‘I’ve found that most of the terminology and processes are the same as a big company,’ reflects recently installed Aston Martin boss Andy Palmer. ‘But the difference is that everyone in this company loves cars – even the accountants. That’s not the case in a big car company!’
So what’s his blueprint for what makes an Aston Martin? ‘It must have beauty – it must be the most beautiful car in its class; it’s got to sound great, and it must have luxury.’ But he’s careful to define that hand-built luxury in a modern sense, citing the slight variations in a seam of hand-stitched leather – versus the perfection of a robot – as acceptable craftsmanship, but the rattle of poorly fitted wiring as absolutely not.
Post-Geneva, there’s been much interest in Aston’s DBX Crossover concept, its recent confirmation of production and a £200M boost to the company finances. ‘My mandate [on coming to Aston Martin] was that we need the DBX.’ It’s a case of selling the cars the market wants that will, in due course, allow for the enthusiast supercars to flourish. Palmer doesn’t want to sell ‘hats and mugs’ like Ferrari to boost revenue, but knows that small volumes do not make a sustainable business. The comparison with Porsche and the Cayenne is obvious, but Palmer is keen to stress the DBX is a crossover, not an SUV. ‘I have said to Marek “make the most beautiful Crossover in history”’.
Although by no means exclusively aimed at overseas and female buyers, Palmer knows Aston must – and can – capture many more of these than it currently does. Here the ‘big’ car company experience shines through: he’s constructed a persona for all future models, and while they aren’t exclusive, nevertheless they embody the essence of the car. The DBX is ‘Charlotte’ (Californian, wants to put the kids in the back, feel safe, sit up higher and so on), the forthcoming DB9-replacement is ‘Phillipe’, apparently; ‘Marcus’ is our man for the next Vantage, ‘Richard’ is the Vanquish, and ‘Yang’ the Taraf. Each persona is meticulously crafted in terms of lifestyle, location – the lot.
Our conversation inevitably turns to the Taraf. Was the car really only ever intended for the Middle East? ‘Yes, that was how it started; there’s a passion for the original car over there, in fact, most of those cars live there now.
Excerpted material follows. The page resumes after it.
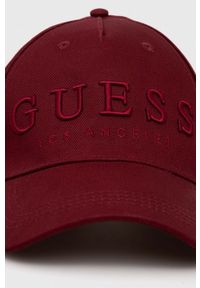 Guess czapka z daszkiem bawełniana kolor bordowy z aplikacją. Kolor: czerwony. Materiał: bawełna. Wzór: aplikacja #4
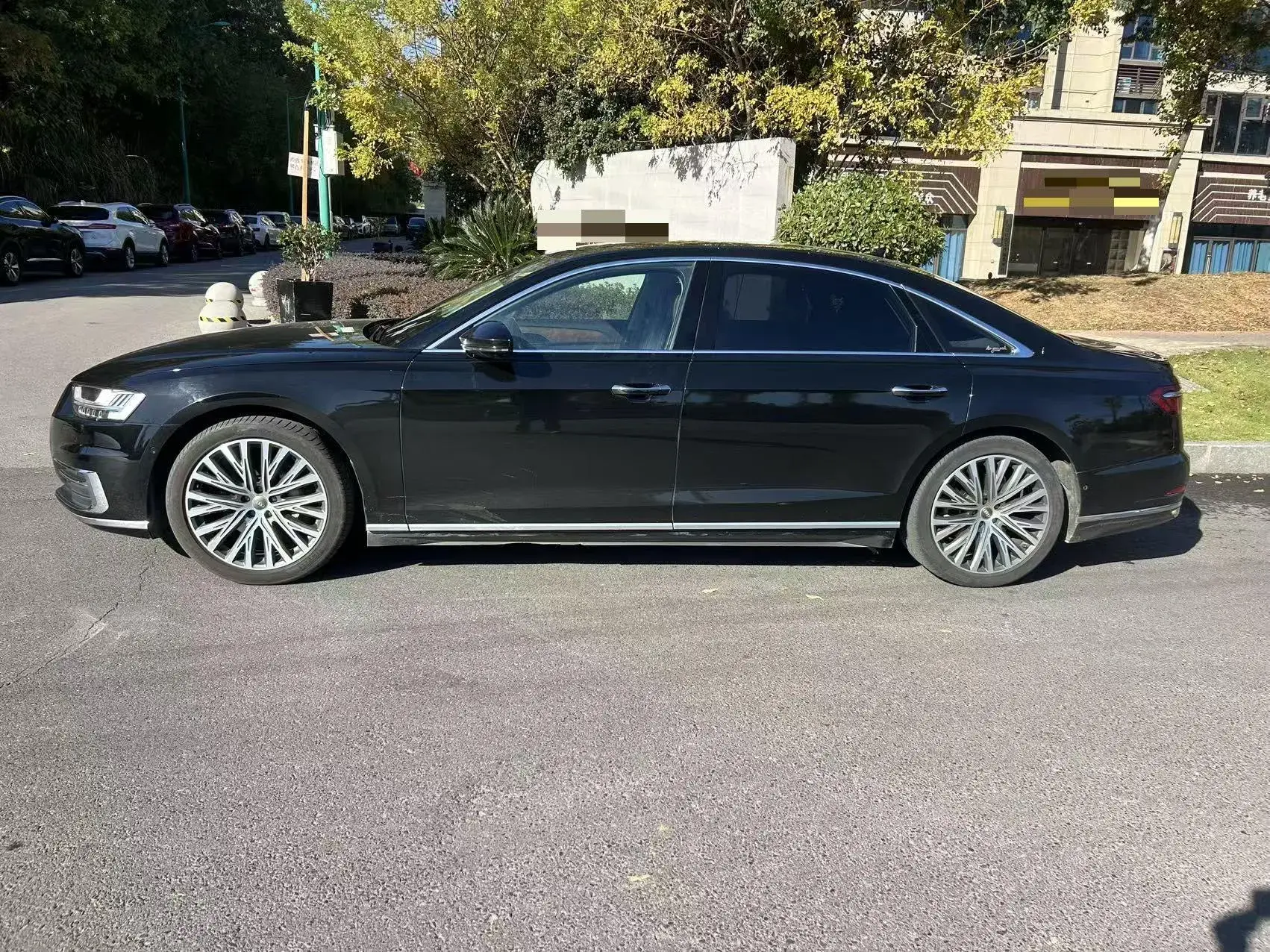 2019 AUDI A8 thumbnail 3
But by bringing it into Europe and elsewhere, even China now, we can sell the car more quickly, and that’s great for me from a business perspective. This car seeds the Lagonda story around the world,’ he continues. ‘The Lagonda name isn’t known globally – only really in the Middle East and the UK. So it (the Taraf) is a marketing tool, but I wouldn’t be surprised to see that brand become ‘Lagonda by Aston Martin’.’ But just what is the Lagonda brand to him? ‘I would say if a Rolls is 1st class in a Boeing 777, then a Lagonda is Concorde. We may not have, say, the perfect ride, but the car has got to look and feel fantastic.’